I had been to Mount Vernon before, a lovely trip it was, about four years ago. Now, as you’ve been reading here on my blog, I’m a historian – a mere man who vows to tell history like it was – but, my utmost calling is that of the bloody, exciting, and treacherous tale of the America Revolution. And, not to mention, my focus there, amongst the great leaders of that time, is and has been General George Washington.
To, quite literally, stand where the father of our great country stood, and touch items that Washington touched, is an important honor, one that most don’t understand and should, in my opinion, only be bestowed upon a few who are actually deserving. Having visited Washington’s home changed my life.
Years ago, during my first visit through the museum, I’d challenged myself to trivia about the General’s life and enveloped myself into the time when one of the greatest men that ever walked the earth lived. It was an exciting time, a time of great change and utmost uncertainty. And, Washington withstood it all, from start to finish.
One of the most educational experiences for me that stood out during my first visit, was learning about George Washington’s death, and how out young country handled the aftermath of such a profound man’s existence. The sadness I felt, the loss millions felt back then, took its toll on me. By the time I got to the end of the exhibit, I was practically in tears.
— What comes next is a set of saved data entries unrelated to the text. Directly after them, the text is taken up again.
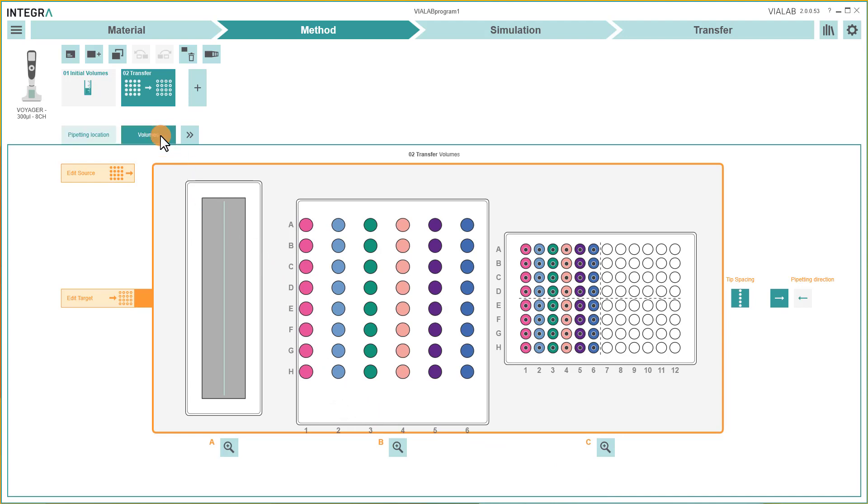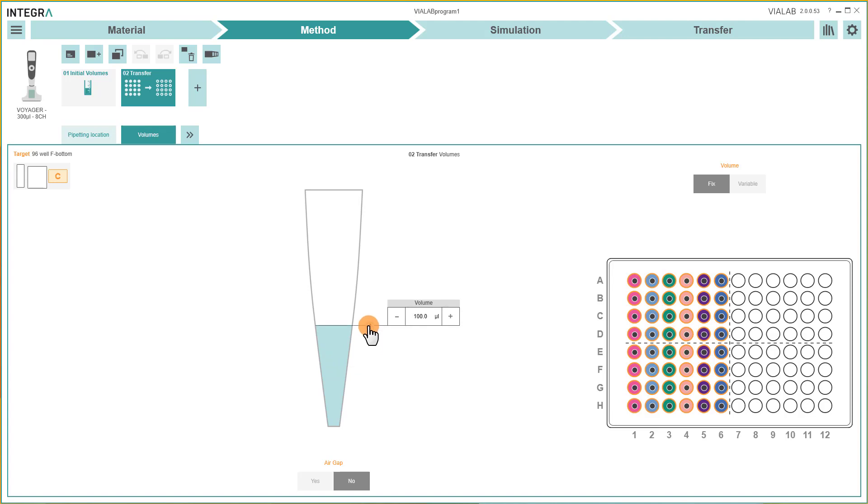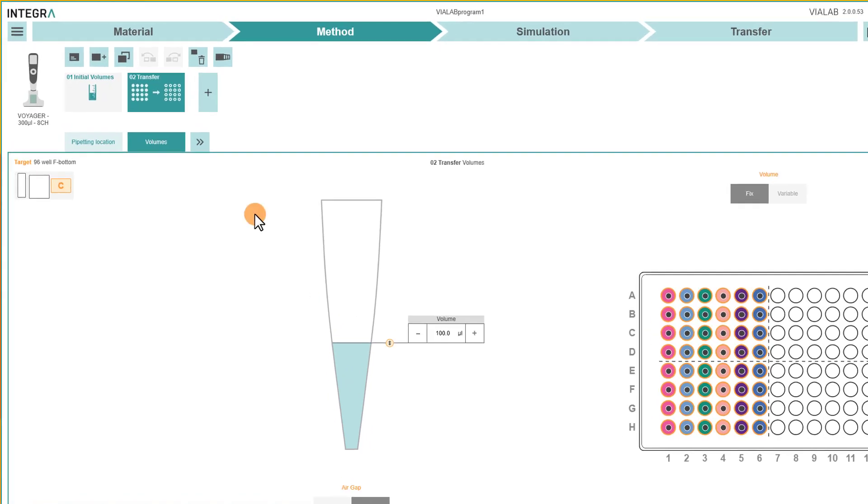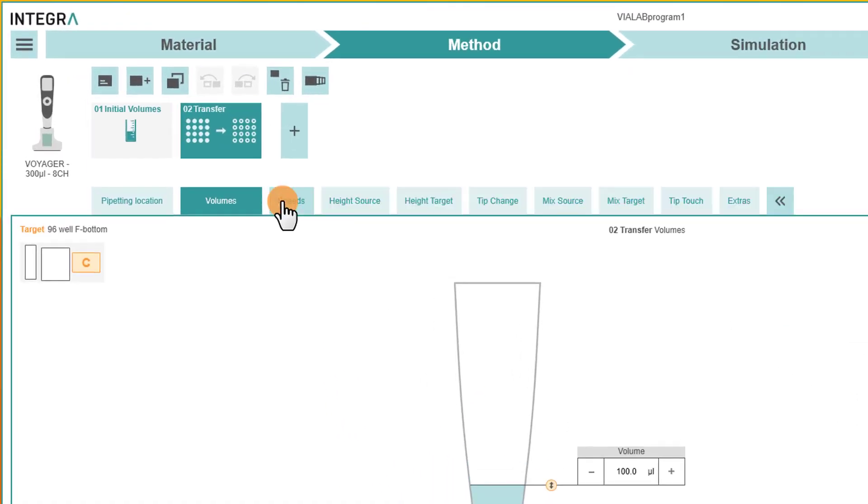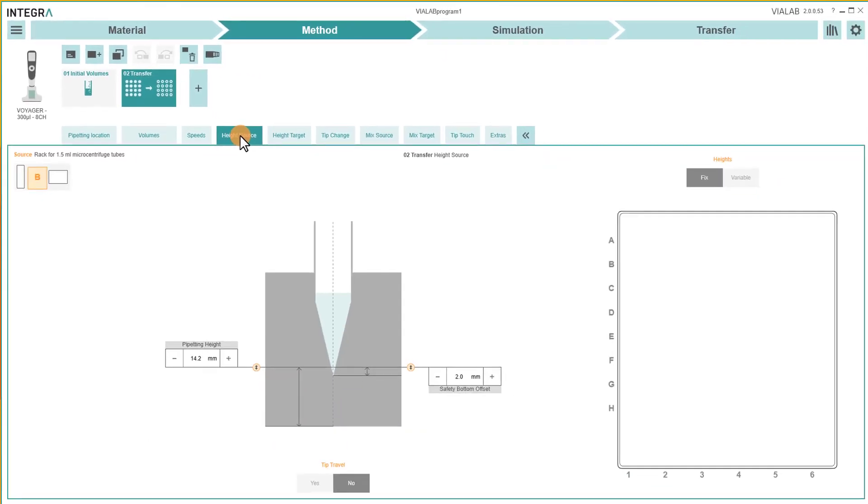To change the pipetting volume, move the slider on the tip to the desired value. If needed, you can change further parameters such as pipetting speeds or pipetting heights.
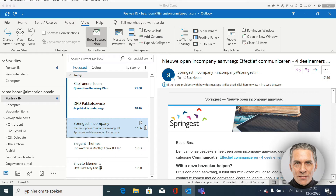If it's urgent, move the email to the Q1 Urgent folder. If not, the email goes to the Q2 Schedule folder. Is it an email from which you can delegate the action? Then you move the email to Q3 Delegate. Is the email not important and not urgent? Then you throw the email away.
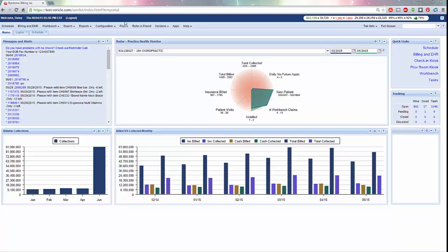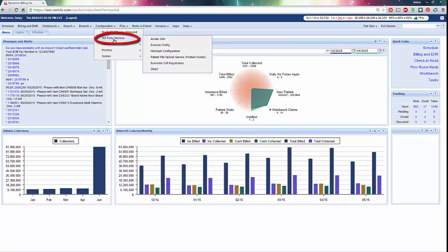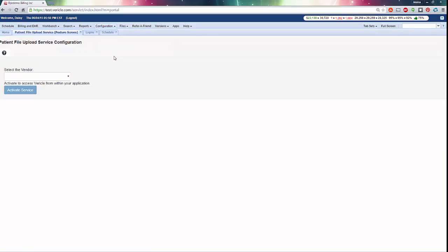Posture Screen and Posture Ray keys are configured in the system by going to Configuration, Third-Party Services, Patient File Upload Service. The keys are linked to a user's login. The Posture Screen or Posture Ray uploads will then have access to any patient accounts that user has access to.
This time around, however, during my second visit and probably my last one for a while, I took away two important experiences. The first being learning a little unknown fact while on the “National Treasure” tour. Bob, our tour guide, told us, at the end of the trip, with the mighty Potomac to our backs, that Washington insisted on being called “General Washington.” The once-president, having served his two terms, had recently retired, and told guests that visited his estate, that only the current president of the time was to labelled as so, and he was, in fact, just the General.
I found that so humbling and my love for the once-southern gentleman grew leaps and bounds that day.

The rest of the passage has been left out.